I probably learned more about effective fundraising in one sitting like this than is possible at a whole quality fundraising conference.
But it was far from easy. I didn’t always get it first time around. I routinely repeated mistakes that I learned not to make. Bob never let those mistakes ride. Second time, third time … he’d raise the temperature of his corrections and the importance of the principle behind it.
Here’s the thing: any piece of information, no matter how useful, does not become your own until you’ve used it several times.
It’s necessary to screw up a few times in order to learn.
That doesn’t make it any less embarrassing.
There were times when I would have chewed off my leg to escape. I think you’d have felt the same way.
But it was effective. And over time I internalized hundreds of techniques and truths about fundraising, and became better and better at applying those odd and often counterintuitive truths to new situations.
More important, Bob Screen transmitted a mindset that made it possible to keep on learning. Things like:
You are not the donor. Writing in a way you find persuasive is not a dependable strategy. Get outside of your own head.
Offer! Always have a specific, compelling, simple call to action for your donors.
Write with energy. If you want to get through with your message, no project is ever “routine.”
Mindset is everything, because conditions change. If all you know are techniques, you’ll fall farther behind every year.
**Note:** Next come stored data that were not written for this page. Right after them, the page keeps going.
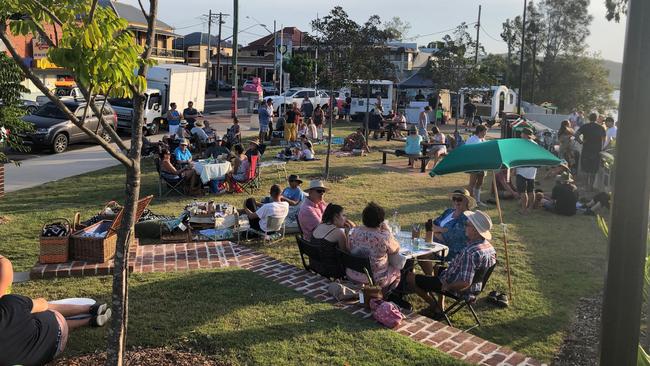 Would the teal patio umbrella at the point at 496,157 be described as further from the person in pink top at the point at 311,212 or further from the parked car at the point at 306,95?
the parked car at the point at 306,95

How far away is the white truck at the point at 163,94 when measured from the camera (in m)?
22.5

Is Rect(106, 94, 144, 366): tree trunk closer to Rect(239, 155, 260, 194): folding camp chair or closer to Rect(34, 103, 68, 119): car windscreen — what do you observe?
Rect(239, 155, 260, 194): folding camp chair

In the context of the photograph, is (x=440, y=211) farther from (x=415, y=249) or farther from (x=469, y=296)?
(x=469, y=296)

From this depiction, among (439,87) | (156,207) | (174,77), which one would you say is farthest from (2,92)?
(439,87)

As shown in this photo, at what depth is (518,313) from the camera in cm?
632

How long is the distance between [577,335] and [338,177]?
360 inches

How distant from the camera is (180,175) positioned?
1171 centimetres

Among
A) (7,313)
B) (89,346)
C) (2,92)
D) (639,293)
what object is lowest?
(89,346)

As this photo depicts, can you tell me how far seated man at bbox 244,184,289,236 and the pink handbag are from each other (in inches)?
121

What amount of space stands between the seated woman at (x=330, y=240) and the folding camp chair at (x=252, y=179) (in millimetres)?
5833

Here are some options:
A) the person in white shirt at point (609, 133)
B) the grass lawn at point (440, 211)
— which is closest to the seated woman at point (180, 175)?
the grass lawn at point (440, 211)

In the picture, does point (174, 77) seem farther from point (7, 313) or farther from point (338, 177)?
point (7, 313)

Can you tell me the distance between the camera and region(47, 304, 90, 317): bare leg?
17.2 ft

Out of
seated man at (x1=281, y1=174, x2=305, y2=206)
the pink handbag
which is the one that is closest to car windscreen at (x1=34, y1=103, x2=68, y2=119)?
seated man at (x1=281, y1=174, x2=305, y2=206) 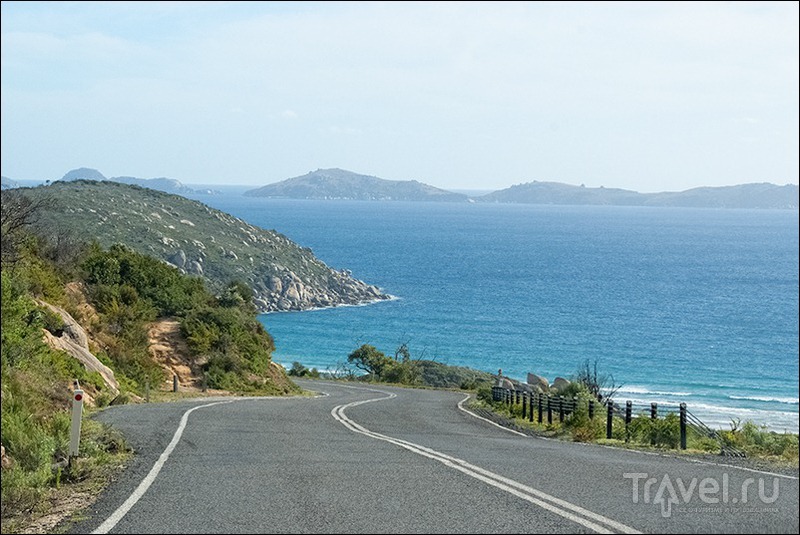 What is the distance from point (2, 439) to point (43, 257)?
915 inches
These things are gifts that have supported my career in the decades since.
The power of having a mentor — one who will stick with you in that awkward “adolescent” stage, where you’ve learned things, but don’t yet apply them consistently.
It’s not easy. Sometimes not fun. But it’s the greatest professional gift you can receive.
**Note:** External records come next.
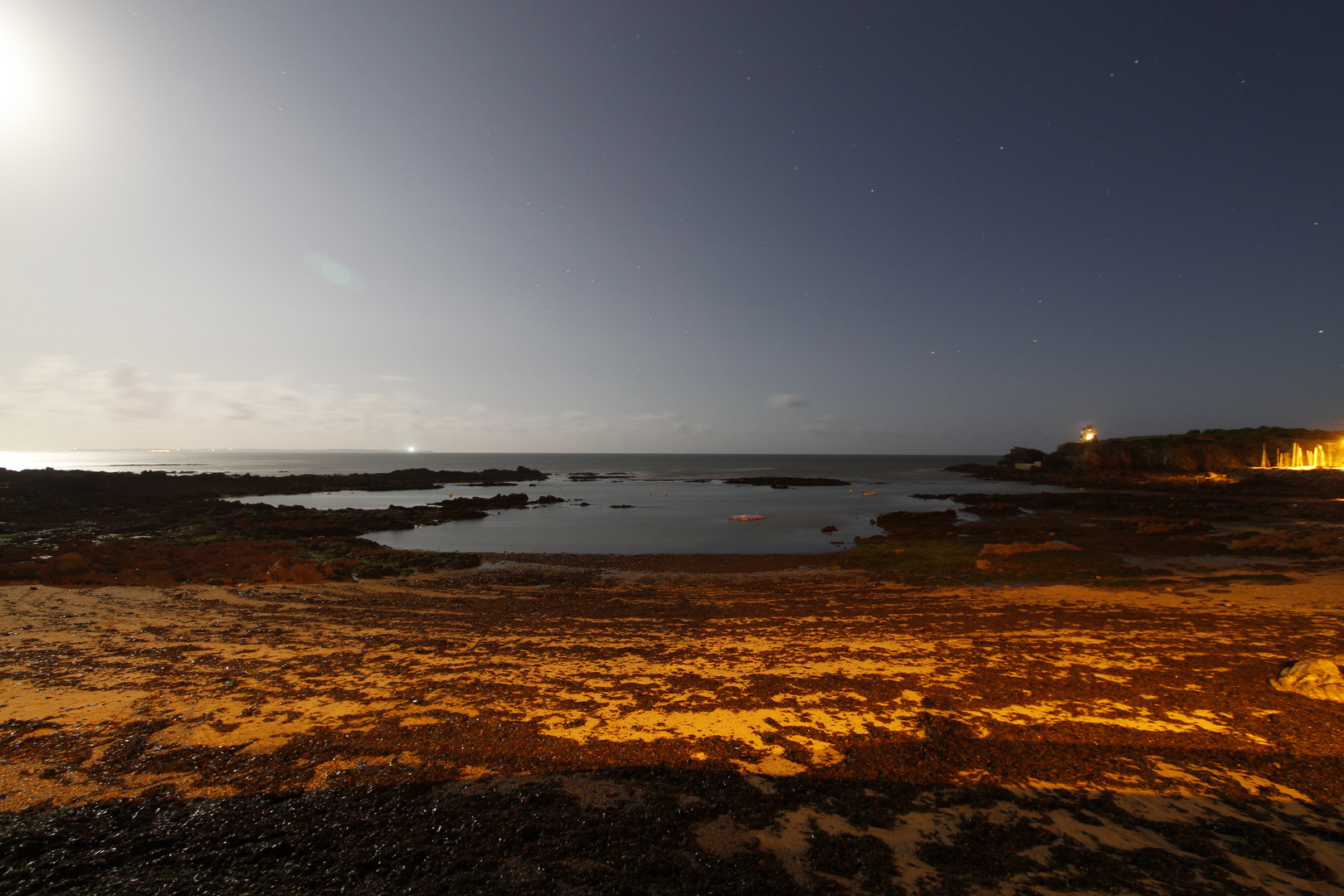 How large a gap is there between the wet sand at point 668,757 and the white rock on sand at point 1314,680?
26 centimetres

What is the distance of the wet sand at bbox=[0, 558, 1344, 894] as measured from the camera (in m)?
4.01

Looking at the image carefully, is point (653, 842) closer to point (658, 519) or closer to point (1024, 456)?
point (658, 519)

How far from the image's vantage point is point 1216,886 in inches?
149

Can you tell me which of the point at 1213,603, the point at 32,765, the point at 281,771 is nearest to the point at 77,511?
the point at 32,765

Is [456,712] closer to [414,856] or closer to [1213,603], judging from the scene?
[414,856]

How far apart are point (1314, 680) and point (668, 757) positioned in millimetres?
8710

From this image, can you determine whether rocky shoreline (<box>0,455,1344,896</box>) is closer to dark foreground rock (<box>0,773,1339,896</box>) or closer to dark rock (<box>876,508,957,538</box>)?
Answer: dark foreground rock (<box>0,773,1339,896</box>)

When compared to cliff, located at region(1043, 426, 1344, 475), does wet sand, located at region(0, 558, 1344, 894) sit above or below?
below

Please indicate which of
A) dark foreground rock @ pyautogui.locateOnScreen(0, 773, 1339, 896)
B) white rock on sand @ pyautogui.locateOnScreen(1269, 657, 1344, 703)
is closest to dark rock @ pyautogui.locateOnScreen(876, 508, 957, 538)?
white rock on sand @ pyautogui.locateOnScreen(1269, 657, 1344, 703)

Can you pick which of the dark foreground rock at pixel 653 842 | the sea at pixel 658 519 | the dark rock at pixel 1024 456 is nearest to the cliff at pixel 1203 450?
the dark rock at pixel 1024 456

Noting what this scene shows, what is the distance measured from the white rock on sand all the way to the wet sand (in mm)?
262

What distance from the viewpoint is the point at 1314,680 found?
690 cm

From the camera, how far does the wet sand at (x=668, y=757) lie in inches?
158

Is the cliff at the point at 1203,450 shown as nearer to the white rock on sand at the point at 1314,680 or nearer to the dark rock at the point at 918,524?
the dark rock at the point at 918,524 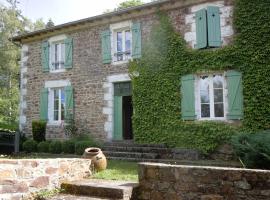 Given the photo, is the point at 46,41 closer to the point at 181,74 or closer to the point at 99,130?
the point at 99,130

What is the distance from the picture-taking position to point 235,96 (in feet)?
32.1

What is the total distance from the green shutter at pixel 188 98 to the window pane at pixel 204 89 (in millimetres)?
338

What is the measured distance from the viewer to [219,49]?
1023 centimetres

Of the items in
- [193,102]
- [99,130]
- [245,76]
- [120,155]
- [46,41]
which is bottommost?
[120,155]

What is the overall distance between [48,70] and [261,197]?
11484 mm

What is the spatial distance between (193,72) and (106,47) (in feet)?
12.5

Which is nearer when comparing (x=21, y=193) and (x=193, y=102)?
(x=21, y=193)

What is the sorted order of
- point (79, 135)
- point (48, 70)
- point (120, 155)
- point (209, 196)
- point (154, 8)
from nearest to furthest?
point (209, 196)
point (120, 155)
point (154, 8)
point (79, 135)
point (48, 70)

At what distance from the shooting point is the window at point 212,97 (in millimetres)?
10219

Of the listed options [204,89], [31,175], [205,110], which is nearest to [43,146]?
[205,110]

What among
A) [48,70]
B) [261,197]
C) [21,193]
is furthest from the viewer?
[48,70]

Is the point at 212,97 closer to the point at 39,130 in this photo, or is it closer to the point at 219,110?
the point at 219,110

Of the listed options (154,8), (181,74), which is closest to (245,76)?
(181,74)

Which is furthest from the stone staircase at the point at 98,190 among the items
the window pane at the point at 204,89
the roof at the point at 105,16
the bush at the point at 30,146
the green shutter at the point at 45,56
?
the green shutter at the point at 45,56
So I join many others who faced the sharp-pencil Bob Screen critiques in saying Thank you and Good bye to a giant.
Robert Screen 1940 – 2021 Everlasting Memory
Thank you, Jeff, for doing a brilliant job capturing so many of the themes my Dad taught – themes that are familiar (I hope!) to longtime readers: that every word matters, that you are going to screw up in order to learn, that you are not the donor, and to have a clear offer.
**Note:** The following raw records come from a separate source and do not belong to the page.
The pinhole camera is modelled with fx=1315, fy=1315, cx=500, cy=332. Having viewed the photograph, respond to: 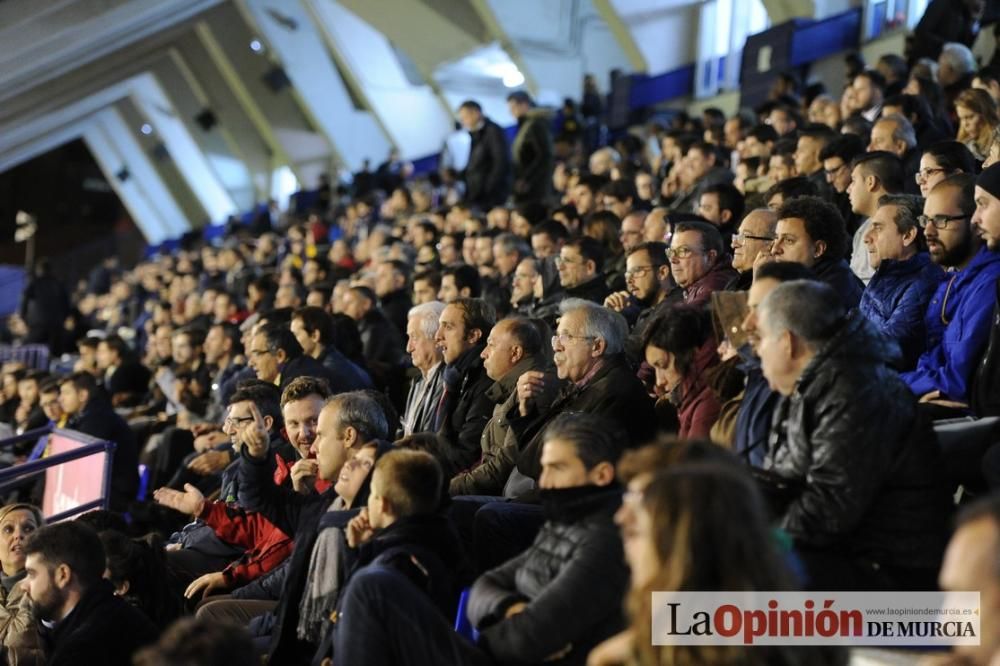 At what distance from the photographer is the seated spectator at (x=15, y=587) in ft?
14.8

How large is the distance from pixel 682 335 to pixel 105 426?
442 cm

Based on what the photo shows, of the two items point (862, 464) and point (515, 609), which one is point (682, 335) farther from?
point (515, 609)

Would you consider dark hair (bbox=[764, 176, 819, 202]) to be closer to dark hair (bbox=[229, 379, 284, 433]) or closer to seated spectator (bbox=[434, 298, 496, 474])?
seated spectator (bbox=[434, 298, 496, 474])

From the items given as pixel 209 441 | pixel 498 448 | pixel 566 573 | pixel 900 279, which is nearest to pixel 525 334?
pixel 498 448

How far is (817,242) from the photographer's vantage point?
15.6 feet

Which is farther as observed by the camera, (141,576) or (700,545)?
(141,576)

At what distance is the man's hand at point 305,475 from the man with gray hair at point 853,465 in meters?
2.04

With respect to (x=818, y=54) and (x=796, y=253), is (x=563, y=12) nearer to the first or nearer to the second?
(x=818, y=54)

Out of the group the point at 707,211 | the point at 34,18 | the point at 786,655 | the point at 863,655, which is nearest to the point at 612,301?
the point at 707,211

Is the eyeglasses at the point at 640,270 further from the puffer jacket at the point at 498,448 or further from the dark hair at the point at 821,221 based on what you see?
the dark hair at the point at 821,221

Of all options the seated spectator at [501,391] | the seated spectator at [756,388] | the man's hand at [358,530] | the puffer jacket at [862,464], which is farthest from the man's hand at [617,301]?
the puffer jacket at [862,464]

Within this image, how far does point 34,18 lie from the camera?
41.3ft

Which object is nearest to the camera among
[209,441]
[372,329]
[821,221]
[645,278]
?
[821,221]

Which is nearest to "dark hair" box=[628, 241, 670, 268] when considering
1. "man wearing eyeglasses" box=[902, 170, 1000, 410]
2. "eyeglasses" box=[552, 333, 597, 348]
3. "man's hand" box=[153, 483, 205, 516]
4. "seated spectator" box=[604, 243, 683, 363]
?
"seated spectator" box=[604, 243, 683, 363]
That approach – that “mindset” as Jeff calls it – is what I was blessed to receive and what this blog is attempting to pass on.
There’s a final thing to mention. The “sharp-pencil critiques.” My Dad reviewed my copy the same way; word by word, explaining the principles behind the edits, and never letting a mistake ride. He was a hard guy to work for.
And this is the pencil sharpener he used to sharpen all those pencils. I took this picture when it was on his desk, next to one of his favorite pencils (Dixon Ticonderoga 1388 2 5/10, of course).
As I write this post, the pencil sharpener is on my desk. It’s a great reminder to pay attention to every word.
Not because the “writing” must be great.
But because the right ideas, in the right order, arranged so that they break through into the donor’s life, can change the world one gift at a time. And then thousands of gifts at a time.